Look through the entries below for the line with "Acceptance | Red" and the line with "Weihnachtspullover Damen Ugly", then give again exactly those two lines and all lines between them, minus the pictures.

*** Records for the exercise Section Begins ***

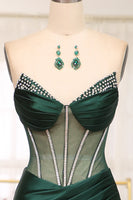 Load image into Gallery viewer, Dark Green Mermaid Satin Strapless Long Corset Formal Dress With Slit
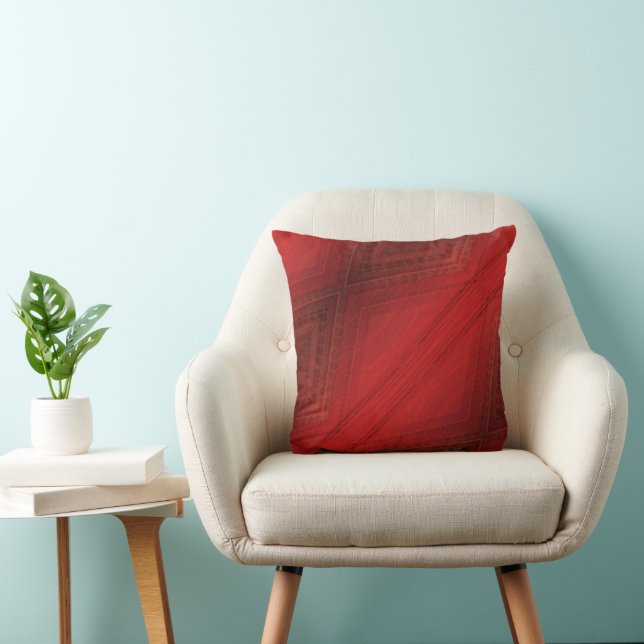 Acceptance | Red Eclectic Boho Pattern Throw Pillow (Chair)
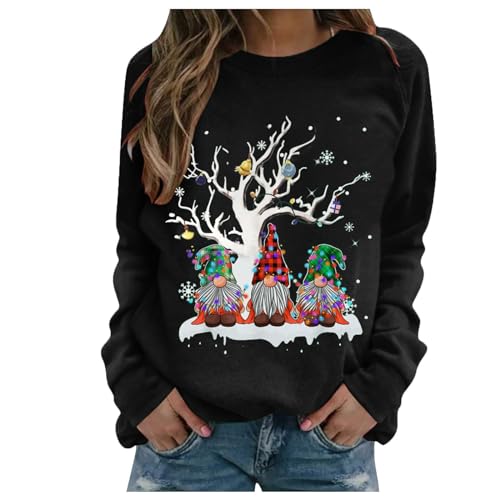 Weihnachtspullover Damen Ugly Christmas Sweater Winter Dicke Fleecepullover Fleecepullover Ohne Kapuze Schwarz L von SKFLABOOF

*** Records for the exercise Section Ends ***
*** Records for the exercise Section Begins ***

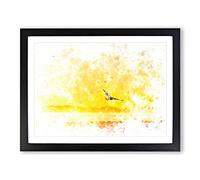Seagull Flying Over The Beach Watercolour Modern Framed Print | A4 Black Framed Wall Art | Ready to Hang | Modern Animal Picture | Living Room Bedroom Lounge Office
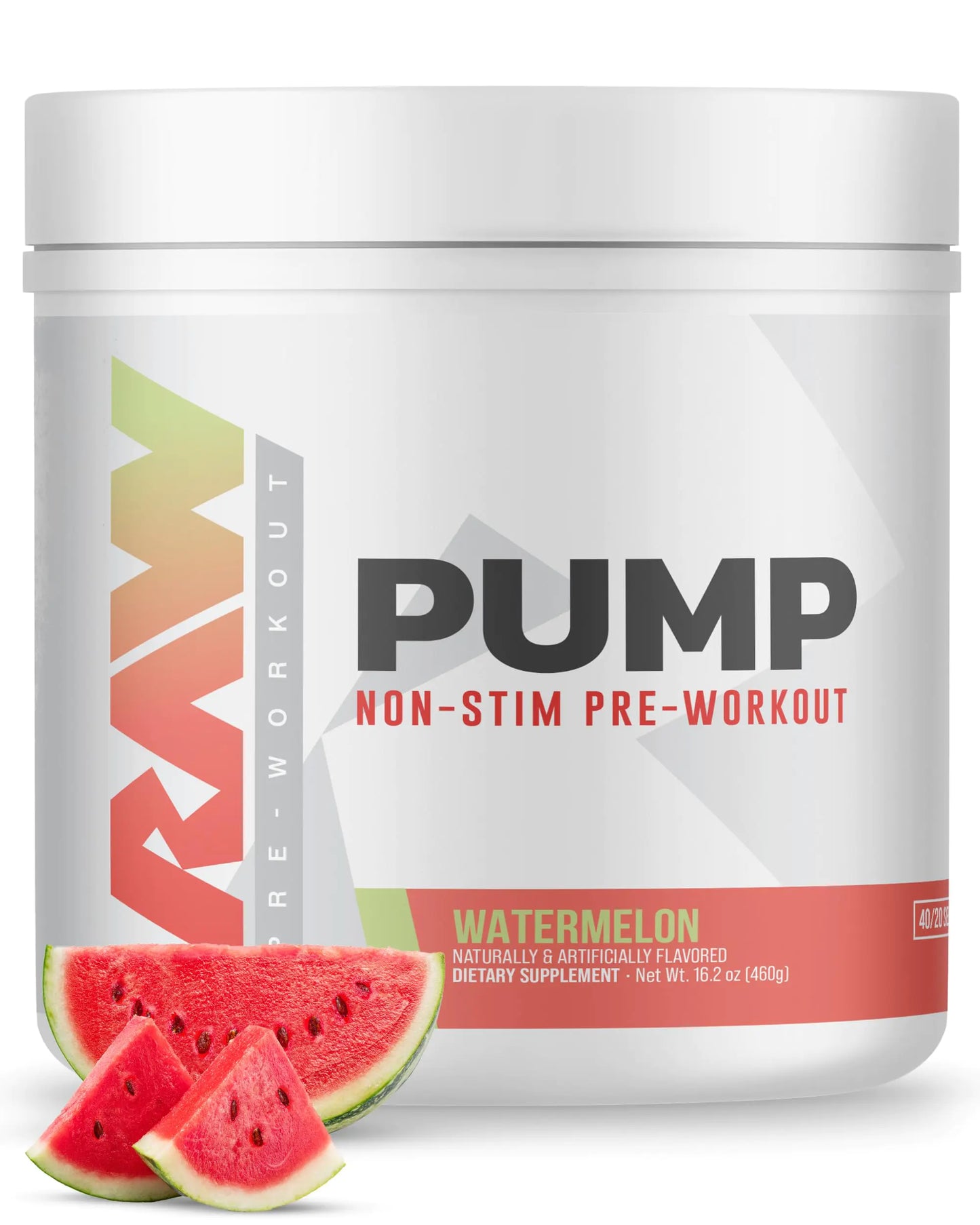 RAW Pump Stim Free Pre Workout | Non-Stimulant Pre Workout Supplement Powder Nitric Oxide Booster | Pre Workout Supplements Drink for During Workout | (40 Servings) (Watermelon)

*** Records for the exercise Section Ends ***

# Response area
 Acceptance | Red Eclectic Boho Pattern Throw Pillow (Chair)
 Weihnachtspullover Damen Ugly Christmas Sweater Winter Dicke Fleecepullover Fleecepullover Ohne Kapuze Schwarz L von SKFLABOOF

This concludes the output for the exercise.